Zaman zaman, sağda solda "yorumlar" yapılır. Bazı bakanların da katıldığı bir yemekte, davetlilerden biri "siyasi bir yorum" yaptı:
- 17 Aralık'ta AB konusunda olumlu gelişme yaşanır... Ekonomi canlanır... Yabancı sermaye gelir... Yatırımlar başlar... Yaz mevsiminde tarım kesimi rahatlar... Ve AKP iktidarı, 2005 son baharında Meclis'i erken seçime götürür.
***
Bu yorum üzerine herkes bize baktı.
"Ne diyorsunuz" diye.
Aklımıza bir fıkra geldi.
Delikanlı parkta sevgilisi ile baş başaymış.
Bir ara demiş ki:
- Ah keşke kırkayak gibi benim de kırk tane kolum olsa.
Kız sormuş:
- Kırk tane kolu ne yapacaksın?
- Sana iyice sarılacağım.
Kızın tepkisi
- Bunu iki kolunla da yapabilirsin... Tutan mı var?
***
Bu defa gözler Adalet Bakanı Cemil Çiçek'e çevrildi.
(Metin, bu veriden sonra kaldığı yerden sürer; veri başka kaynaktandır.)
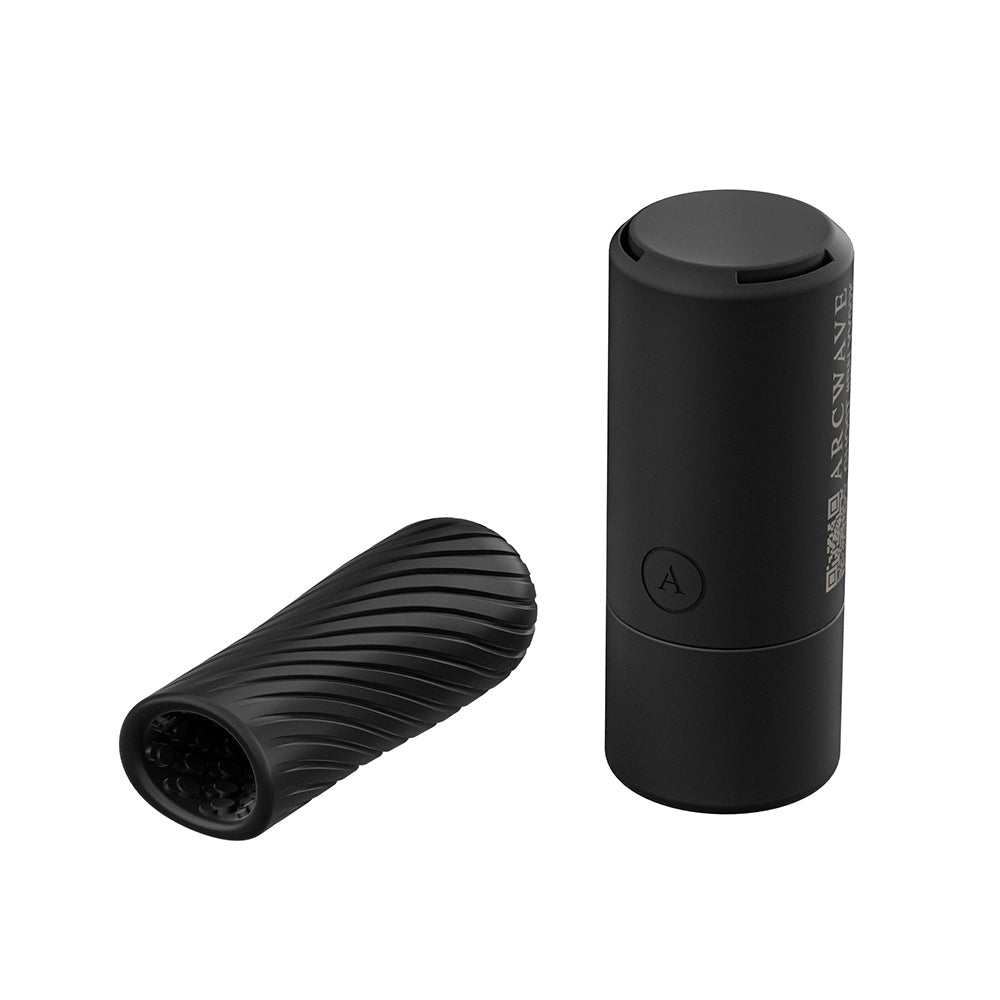 Arcwave Ghost Pocket Stroker - Black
Cemil bey de bizim gibi düşünüyordu:
- Erken seçimin hiçbir gerekçesi yok... Ne diye seçime gittiğimizi halka anlatamayız... Halk der ki: "368 milletvekiliniz var, daha ne istiyorsunuz?.. 368'le yapamadığınız birşey mi var ki, zamanından önce seçime gidiyorsunuz?.. İş yapacaktınız da 368'lik çoğunluğun elini tutan mı oldu?" Hayır hayır, erken seçim diye birşey uzaktan yakından gündemimizde yok.